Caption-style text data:
== Segment start ==
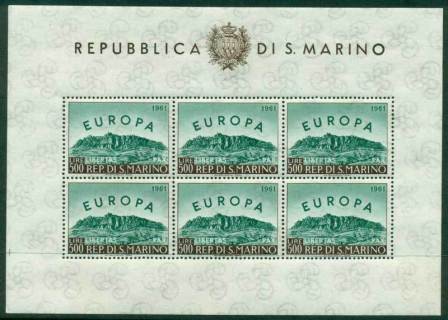 San-Marino-1961-Europa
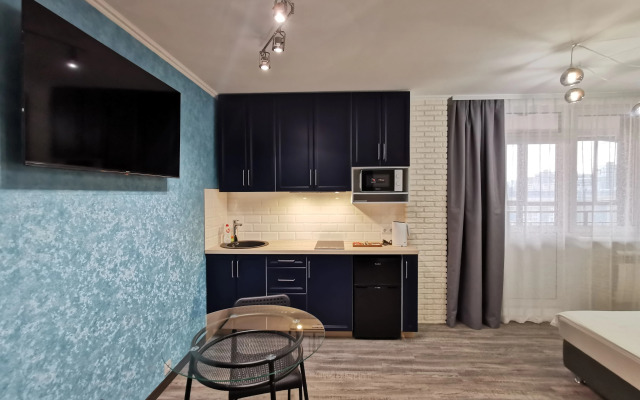 Квартира видовая с джакузи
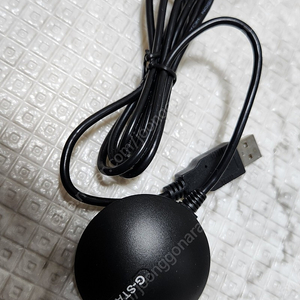 USB GPS 수신기 BU-353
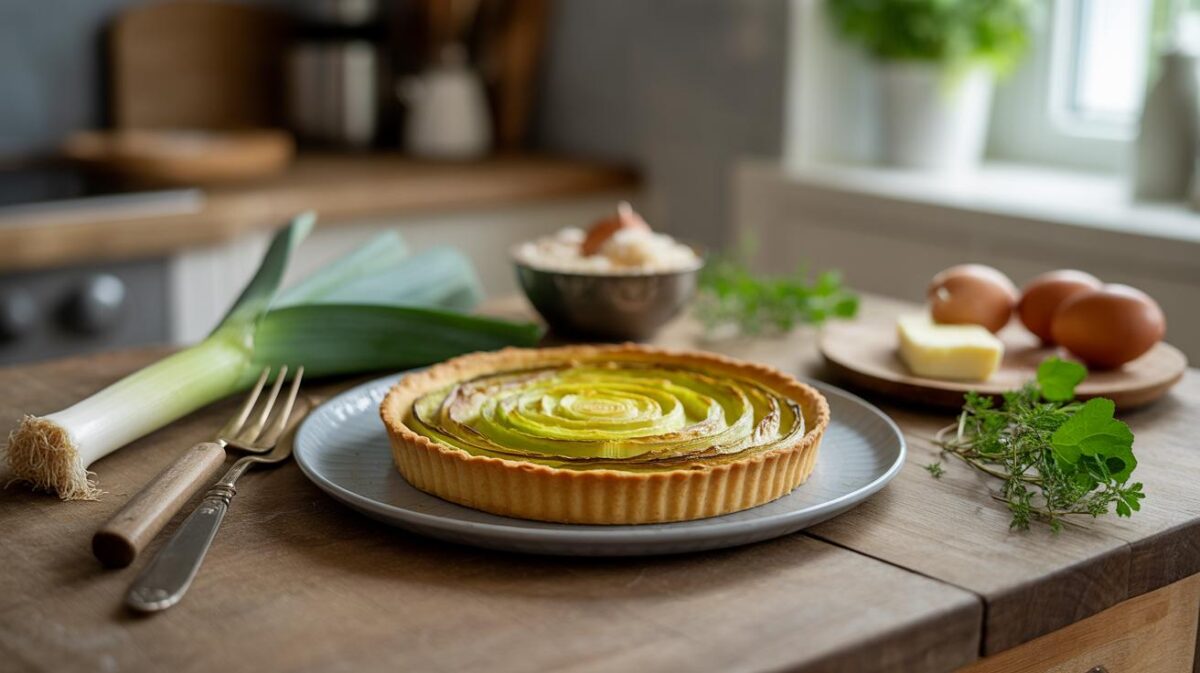 Ecco la torta ai porri di Jean-Pierre Coffe: questo ingrediente segreto vi sorprenderà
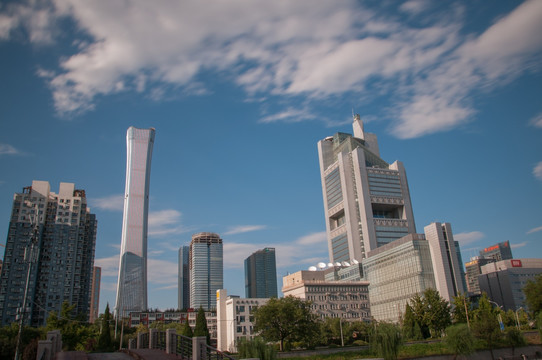 通惠河建筑群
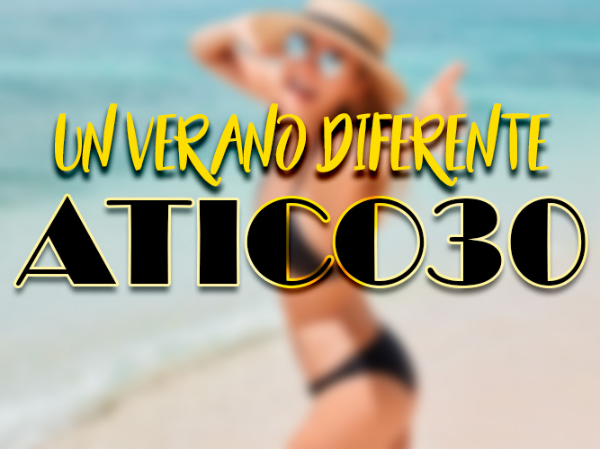 EMPRENDE CON ATICO30 Y VIVE EL VERANO DE TUS SUEÑOS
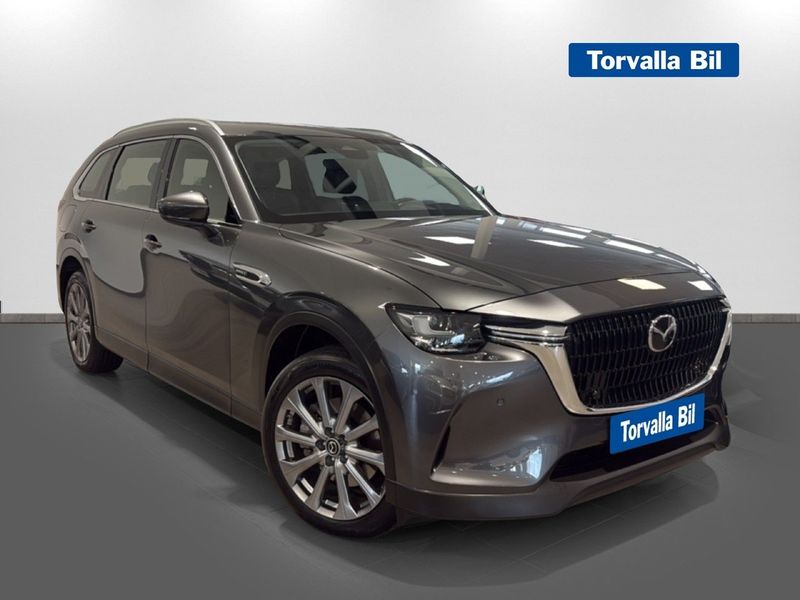 Mazda CX-80 bild 3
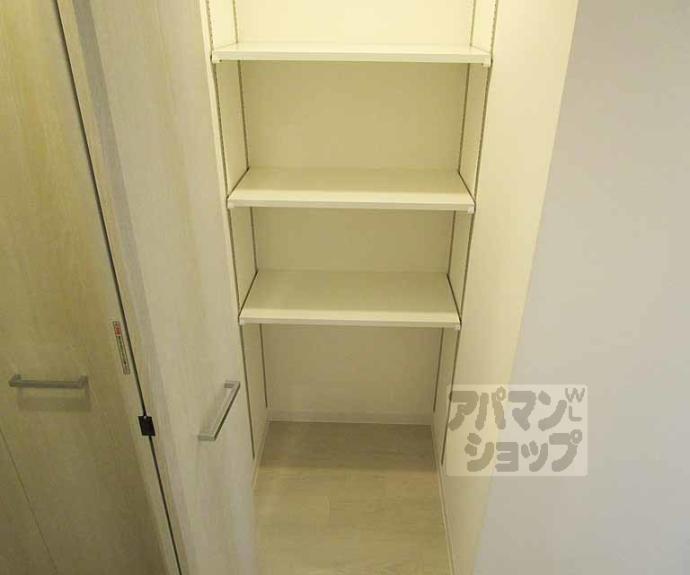 【KYOTO HILLS 奥之院】間取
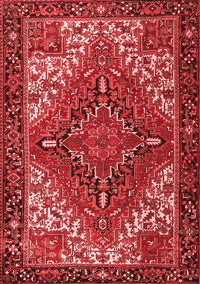 Persian Red Traditional Rug, tr2293red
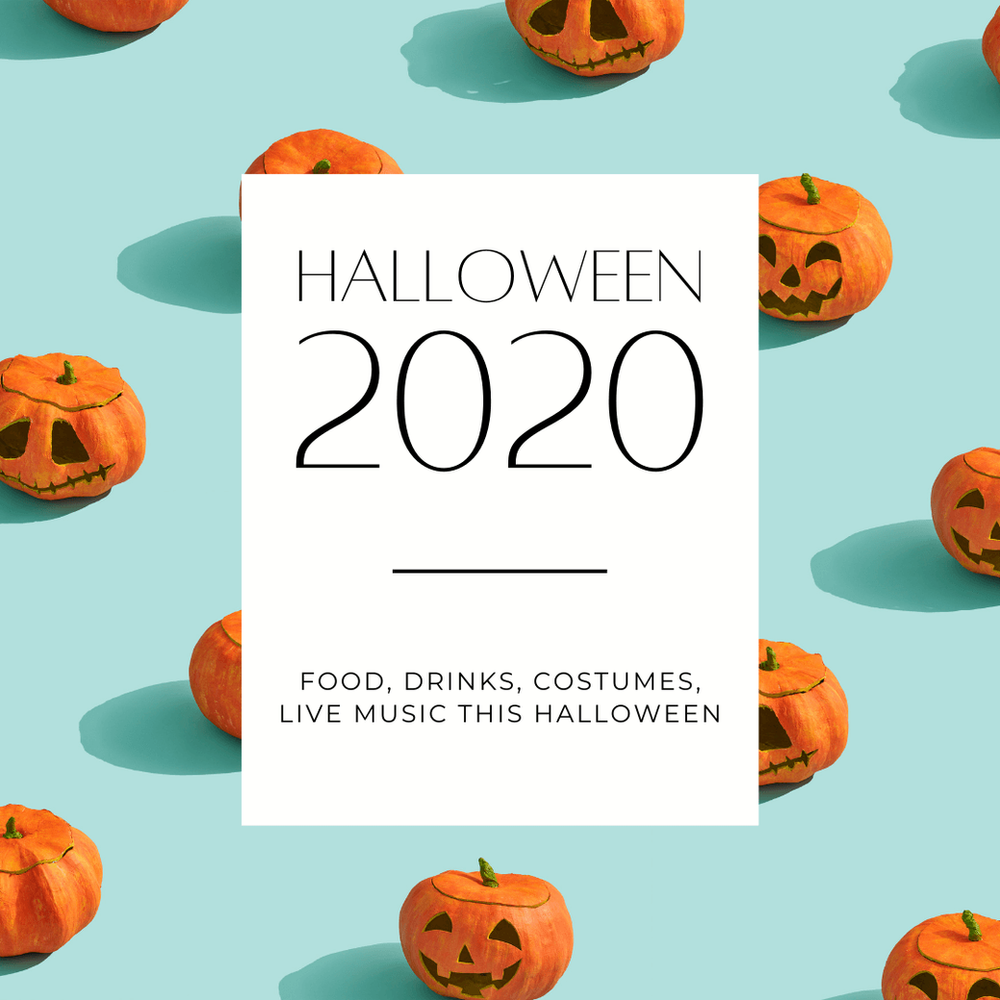 Halloween 2020 Restaurant and Bar Festivities Melbourne, Cocoa Beach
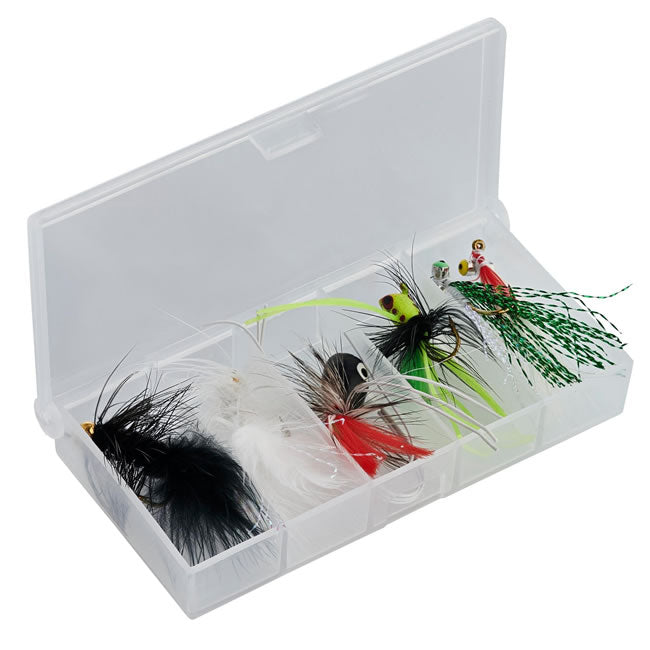 Combo Shakespeare Cedar Canyon Stream Fly Kit Clasa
== Segment end ==
**PROBLEM DETAILS:** Give again, word for word, only the lines from the one with "USB GPS 수신기 BU-353" through the last line of the entries, both included; no pictures go in the copy.

**REPLY TO THE EXERCISE:**
 USB GPS 수신기 BU-353
 Ecco la torta ai porri di Jean-Pierre Coffe: questo ingrediente segreto vi sorprenderà
 通惠河建筑群
 EMPRENDE CON ATICO30 Y VIVE EL VERANO DE TUS SUEÑOS
 Mazda CX-80 bild 3
 【KYOTO HILLS 奥之院】間取
 Persian Red Traditional Rug, tr2293red
 Halloween 2020 Restaurant and Bar Festivities Melbourne, Cocoa Beach
 Combo Shakespeare Cedar Canyon Stream Fly Kit Clasa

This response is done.